There is just something I haven’t been able to figure out about webarchive annotations and searching…
– It seems it doesn’t have the powerful annotation tools like it has for PDFs… All I see is a way to highlight text via a contextual menu or via the bar, but no boxes or circles/ovals that I can then search for.
Where are they?

– If I highlight some text in a webarchive in different sections of the document, HOW can I just see the highlighted parts or the “annotated” parts (even coloured text I add to the webarchive for notes myself). I discovered DT3 can do that with PDFs, but I don’t see a way to do it with webarchives or regular text? The annotations tab for webarchives only show images of the document, but none of my highlighting or annotations or added text.
Can you please point me in the right direction?

By the way, converting the webarchive to PDF is NOT an option for me, since most times they contain music, MIDI, video and I don’t want to lose that, of course.

Do you have any suggestions? What is this newbie missing?

Thank you for your help!

Fernando

DEVONthink doesn’t use proprietary file formats and therefore only PDF documents support these advanced annotation tools.

Both Tools > Inspectors > Documents > Annotations and Tools > Summarize Highlights support currently only highlighted text in rich text documents and PDF documents.

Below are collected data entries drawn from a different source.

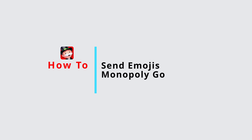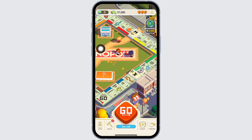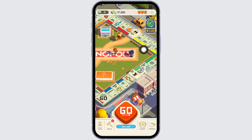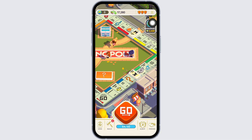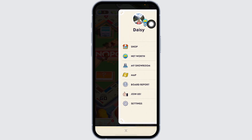How to use emojis on Monopoly Go. Let's get started. Launch your Monopoly Go app, make sure you have already logged into your account. At the top right you will find three bars — click on it.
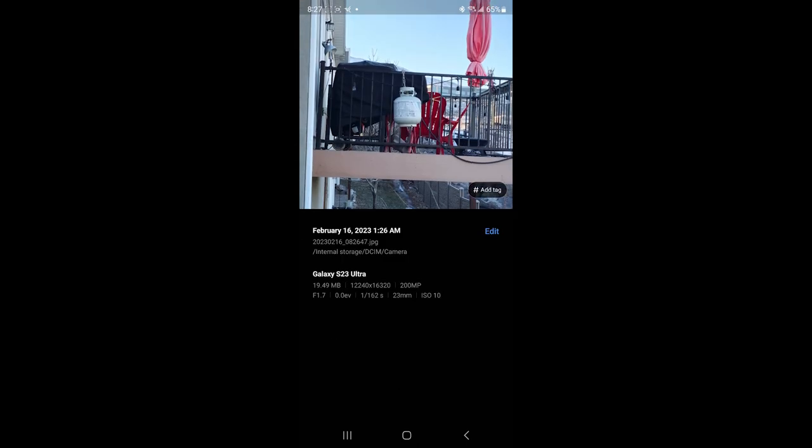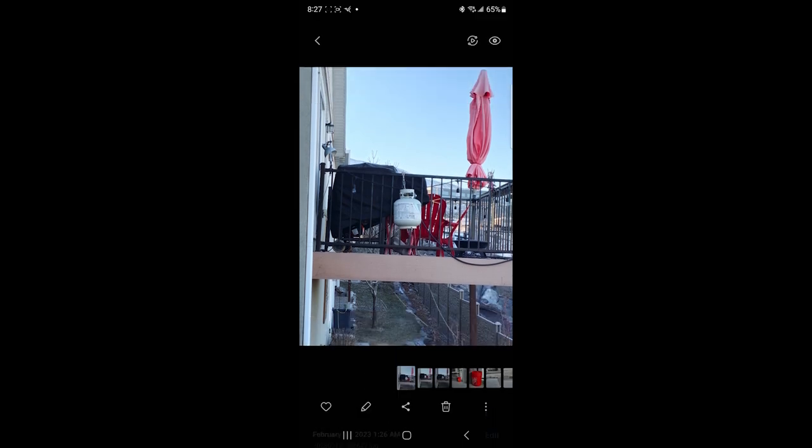If you swipe up, you can see it's a 200 megapixel photo, but the lens is listed at 23mm, which is the main, even though it's clearly not the main lens.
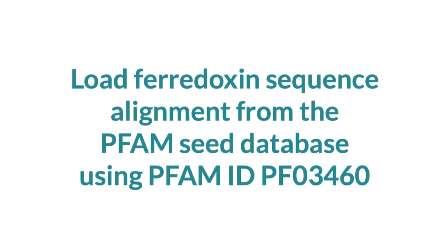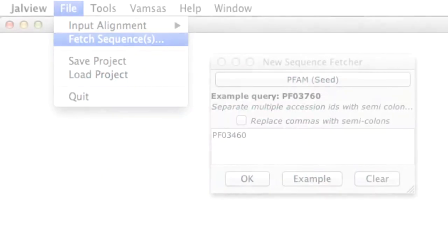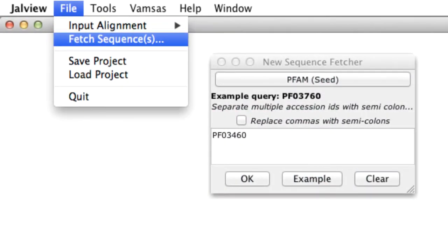I've already loaded a Ferrodoxin sequence alignment from the PFAM seed database using the PFAM ID PF03460.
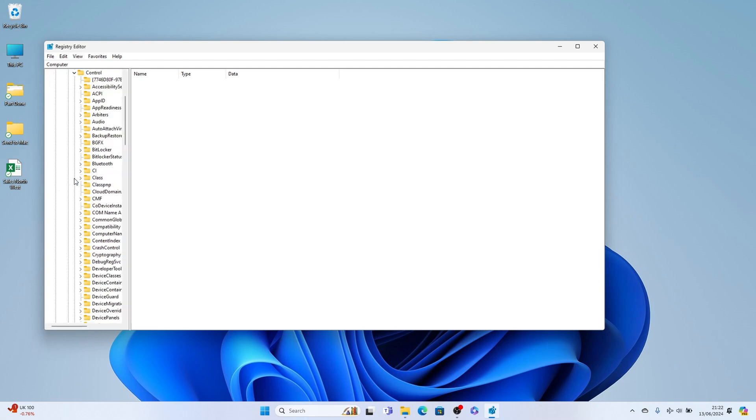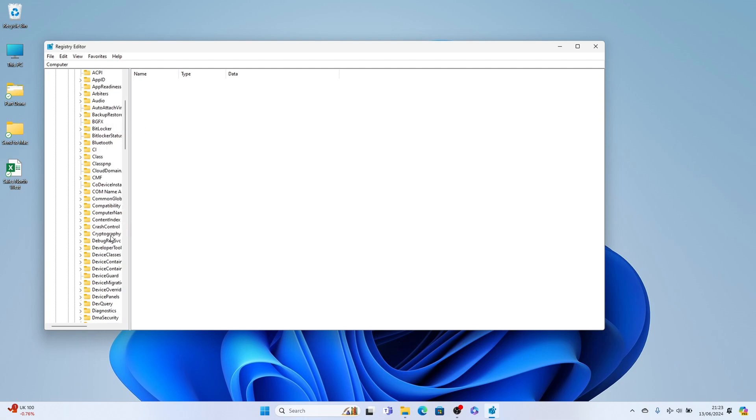Now DeviceGuard. It should be in alphabetical order, so it should be easy to find. So this is here.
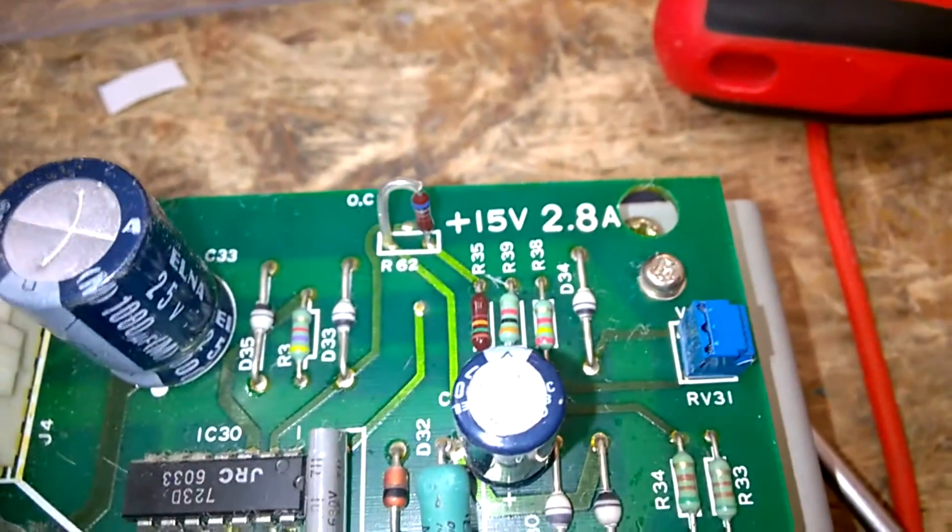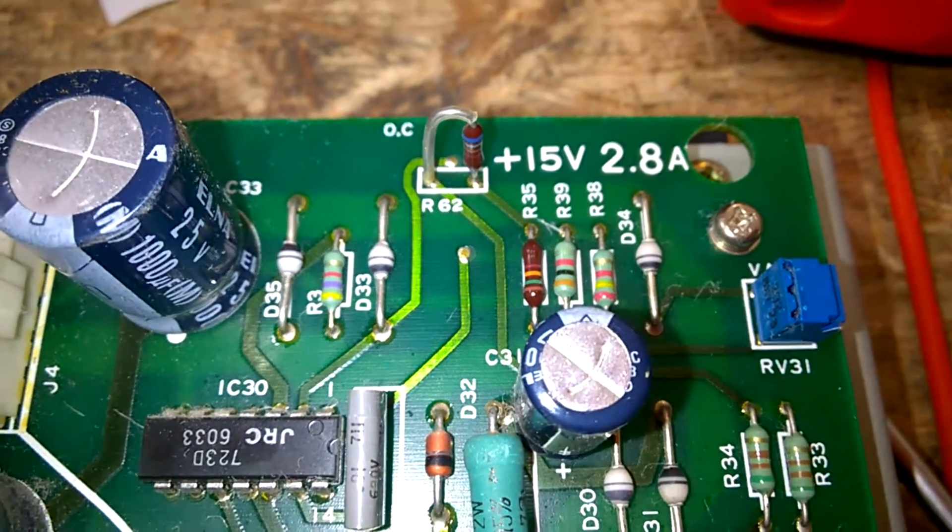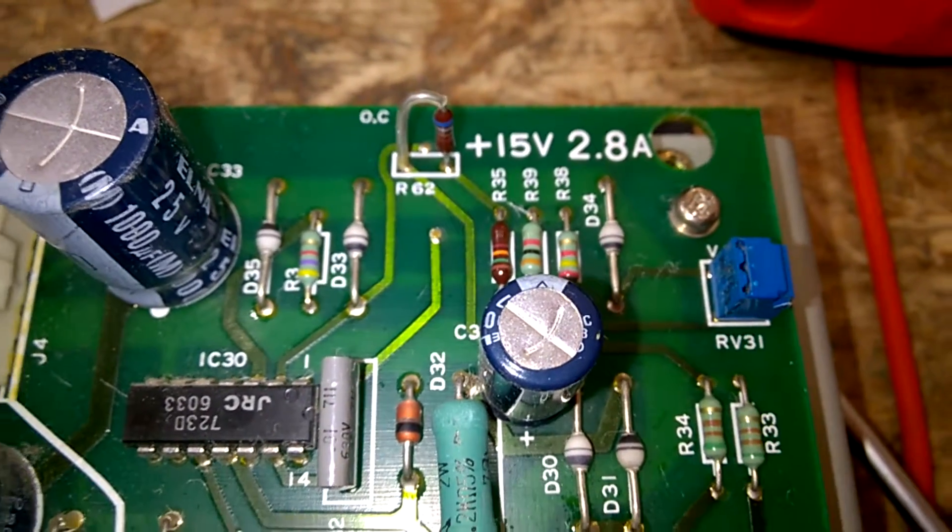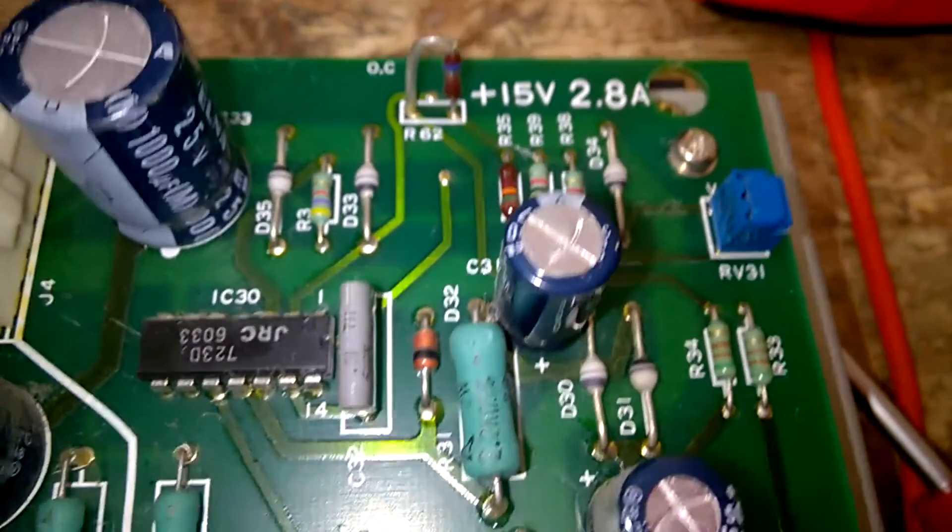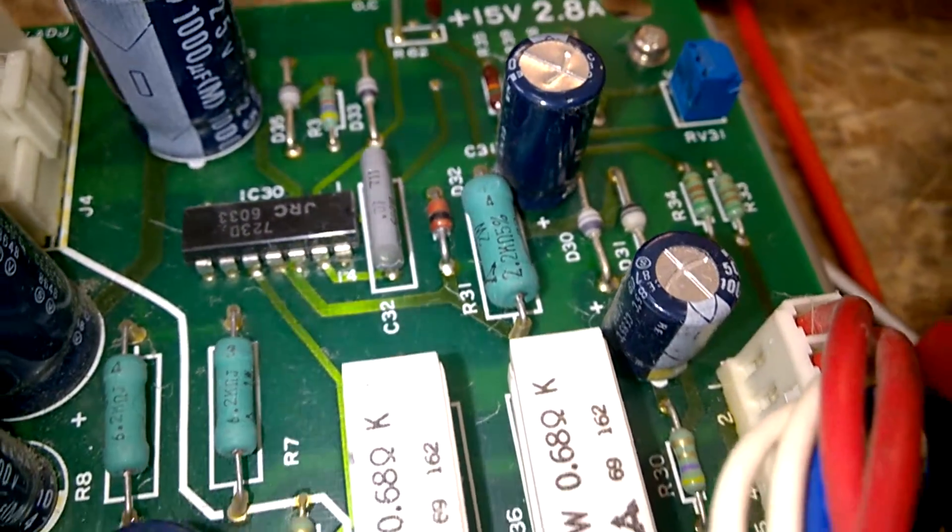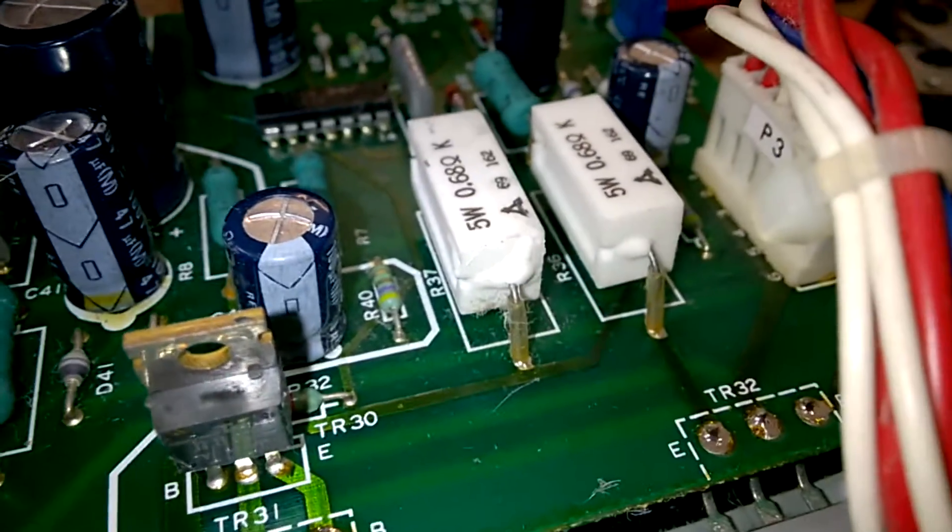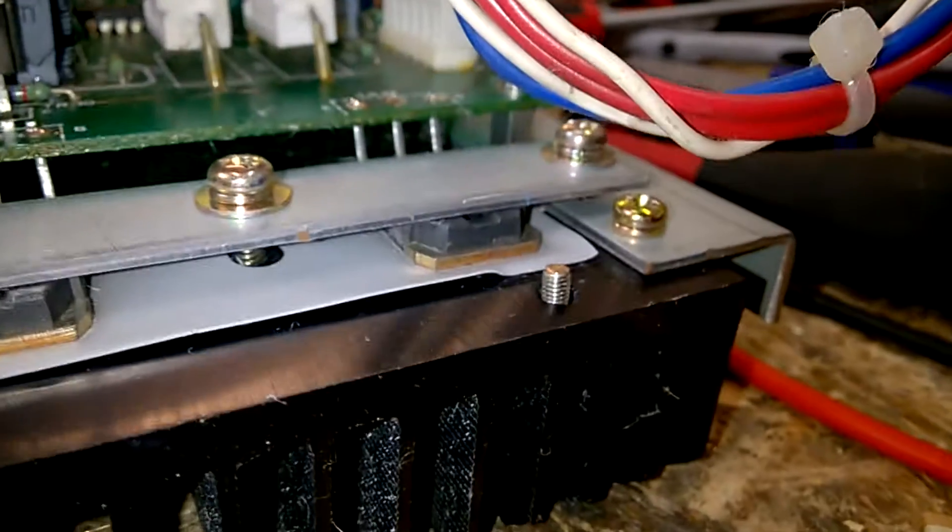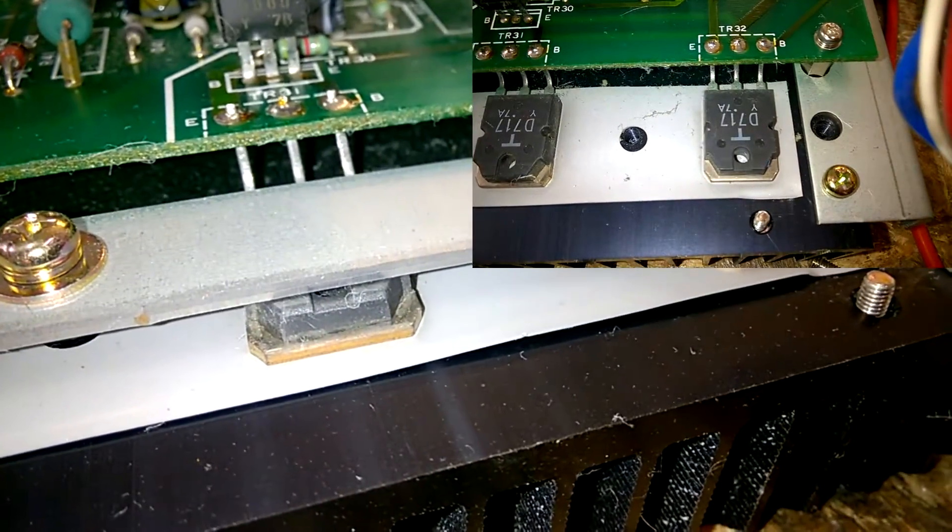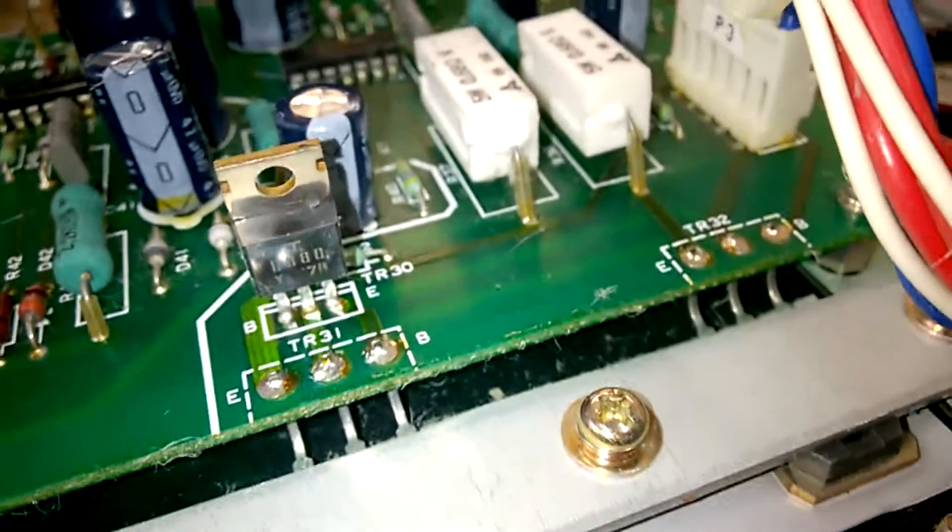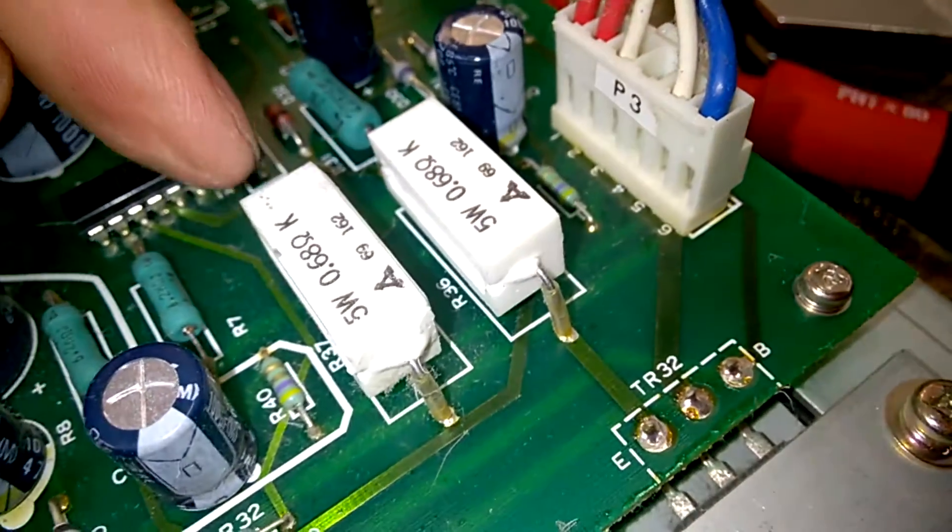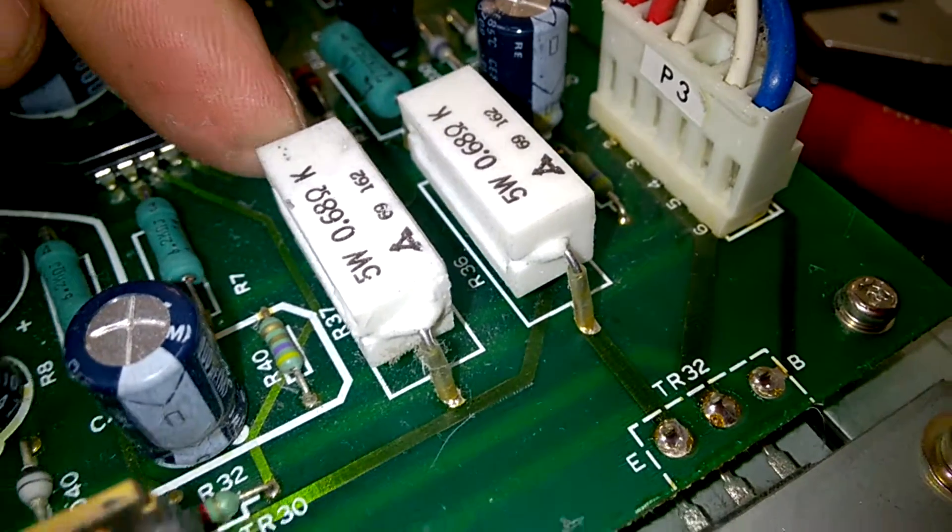And more interesting, plus 15 volts with 2.8 amps. Regulation is the same but it has two transistors and they are in parallel with these emitter resistors.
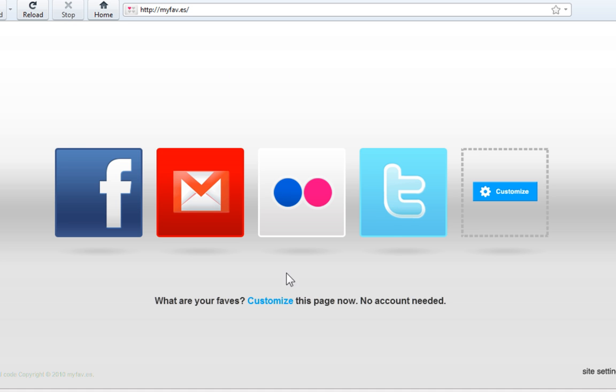So this is an example of what it's going to look like. It has these big icons with your favorite websites. But of course we're going to be customizing them to your favorite websites.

Thank you for your answer, cgrunenberg.

Pity about not being able to equally annotate webarchives with the same tools, and that Summarise Highlights support is only for rich text and PDFs.

Are there any plans to make those two points a feature in the near future?
It seems it’s the last missing link for an awesome app like DT3, ESPECIALLY since we do lots of research on the internet these days, not having this option seems a bit limiting. I have hundreds of webarchives I wish I could treat exactly as PDFs (and as mentioned upthread, converting the webarchives to PDF won’t work for me).

In the mean time, does anyone have a workflow suggestion on how I could gather/summarize/see my webarchive annotations by topic? (I use Diigo for annotating a webpage, and then convert it to webarchive, but this has its set of issues too)

Any ideas are appreciated. Thank you.

Webarchives are not technologically as transparent to inspection. Have considered capturing as HTML instead?

Thank you, BLUEFROG.

I will certainly try it out with HTML instead, as you suggest. So could I do what I want with HTMLs?

I understand that HTML does NOT capture images, videos, music or MIDI, but it “loads” them from the internet every time I open the document, so it’s never really captured. Is this correct?

I’ll definitely try your suggestion, but it worries me that those files wouldn’t be available anymore if the website disappears or ceases to exist (the whole point of webarchives to avoid this)…

So could I do what I want with HTMLs?

Possibly with some scripting. However, there’s nothing built-in at the moment.
HTML is just more immediately parseable to scripters.
Do note Development could also weigh in on this.

I understand that HTML does NOT capture images, videos, music or MIDI, but it “loads” them from the internet every time I open the document, so it’s never really captured. Is this correct?

Actually, that could easily be true of webarchives as well, especially with the way content is delivered on the Internet nowadays.

(the whole point of webarchives to avoid this)…

Webarchives are not a guarantee of this.

Do you have a URL to test?

Sure. Even a very simple website like this, with MIDI, audio and images>

Once it’s inside DT3, there is no difference in how HTML and webarchive look. For the former, it loads the content each time; for the latter, it does NOT play the music examples inside DT3… It ONLY does so if I select from the contextual menu “Reload”. THEN it plays the music fine, ONLY one time… once I select another document, DT3 can’t play the file and I must reload again.

Thank you for telling me that Webarchives are not the panacea either… I thought it was a guarantee that you’d always get ALL the media files in the archive.

So are the HTML annotation features the same as PDF? I found the annotation tab for webarchives, but it seems it only lets me add ONE note for the whole article. Is this so? Thanks!

I found the annotation tab for webarchives, but it seems it only lets me add ONE note for the whole article. Is this so?

Tools > Inspectors > Annotations & Reminders is not the same as highlighting (or annotating PDFs).
It is for creating Annotation files, i.e. separate files for notes regarding a particular file. This is discussed in the Help > Documentation > Inspectors > Annotations & Reminders, as well as often discussed in the forums too.

You may use RTF annotation (see Annotations pane). So that when you copy a working link in your webarchive, you can parse it into this RTF Annotation with a help of a simple script. The result is the structured summary annotation text with the wiki-style links to the webarchive content. You may use this summary separately, create replicants and so on.

IMO this is more handy than drawing annotations and trying summarize them afterwards.